Aquella Feria

8 Ago

Diré que estoy acongojado, porque soy elegante, pero me quedo muy corto. Siento como si tuviese al perro de San Roque bajo mis piernas y me pregunto, si no es el rabo, qué será lo que lleva el can escondidito entre sus patas traseras, que me da -o me doy- tanta pena.

En dos días, el horror vacui empecinado del alcalde propiciará este relleno barroco anual de multitudes que alcanzará al barrio de la Victoria en el que subsisto, como le sucederá a tantas otras arterias confluyentes de la ciudad, desbordadas todas frente a la rendición sin condiciones de calle Larios. De modo que estoy preparando las maletas para exiliarme en Huelin, con la familia, y así librarme del terrible monstruo que han creado De La Torre y Porras por omisión, cogidos de la manita y con las bragas en la mano, en mi querido Centro Histórico humillado, durante la Feria de Málaga.
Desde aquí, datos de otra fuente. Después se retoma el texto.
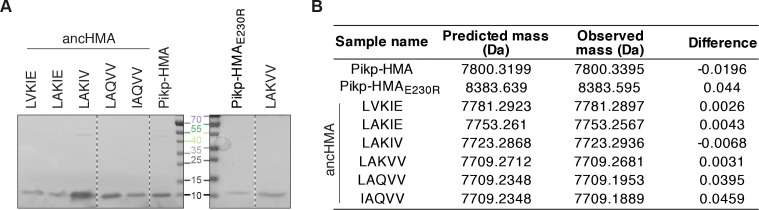 Figure 5—figure supplement 3.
Perdonen que llame Feria a eso que nos hiere en lo más profundo de la idiosincrasia como un agravio, y que yo sea tan cobarde o cínico como para que habitualmente me resigne o disimule mi disgusto, hasta que el caos amaine y vuelva a casa jurando bajito en arameo de los montes. Otra vez. Otro año. Tras otro desastre injusto padecido. Porque lo que en la Almendrita ocurrirá desde el día 9 de agosto, hasta el próximo domingo, 19, no se parecerá a ninguna fiesta grande malagueña, ni encontraremos motivo alguno para mostrarnos orgullosos de sus salados faralaes fritos, desgraciadamente, sino que, a cada malagueñito rabicorto bien educado, pisar la calle sigilosos hacia el puente de plata, en estos días sin ley ni ayuda, nos supondrá una vida en suspiros y otra media en oraciones, huyendo de nuevo, a la desesperada, del caos y sus pestilencias. Confieso que me paralizaría el miedo insuperable si me viese obligado a atravesar en una urgencia, a ciertas horas, la recogida de ese circo montado por la fiera y teniente de Alcalde malagueña, responsable del Área de Servicios Operativos, Régimen Interior, Playas y Fiestas, la señora Atilesa Porras.
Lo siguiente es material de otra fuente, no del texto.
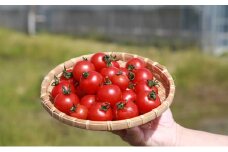 機能性表示食品 Hapitoma ハピトマ 糖度6（1kg）健康 ヘルシー GABA リコピン 人気 厳選 袋井市
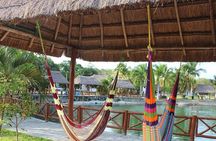 4 Cenotes Full Day Tour from Merida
Pero si a nosotros nos enseñaron a sentirnos mal cuando hacíamos demasiado ruido masticando el maíz tostado en el cine, ¿qué clase de locura es esta, ruidosa, maloliente y violenta, que me ofrece, falazmente, como parte de mi tradición? Menos lucecitas, y un poquito más de trabajo. Y si lo que escaseara fuese la aptitud, apártese de una vez, cien pasos atrás, y que alguien le devuelva nuestras costumbres y, sobre todo, nuestro orden, buen gusto, y mejor educación, a nuestra feria del centro.

Una celebración en la que el rey de la fiesta sea el macarra descamisado, borracho hasta las trancas de reguetón navajero, será la de los responsables municipales, cómplices de esta barbarie y desolación anual, pero nunca la nuestra. Que cada vez más malagueños reneguemos de esta fiesta impuesta, con verdadero sentimiento de culpa, tiene que ver con la inoperancia municipal, no con nuestra falta de compromiso.

Como sucede a menudo, la iniciativa privada va por delante, y cada vez más locales de restauración del centro migran al Real o, en su defecto, proponen programas y cartas a puerta cerrada, para aquellos que siguen empeñados en disfrutar contra viento y marea, y para eso pagan alquileres desmesurados y tasas y platos rotos por todos todo el año. Si la prohibición, a la que nos hemos acostumbrado en los últimos tiempos, es la única solución, hágase. Prohibido feriar con el sudoroso torso descubierto, prohibido beber en la calle. Que tomen la batuta los comercios y los bares y restaurantes, las y los malagueños. Así nació aquella Feria del Sur de Europa que hoy más bien parece una bacanal vikinga.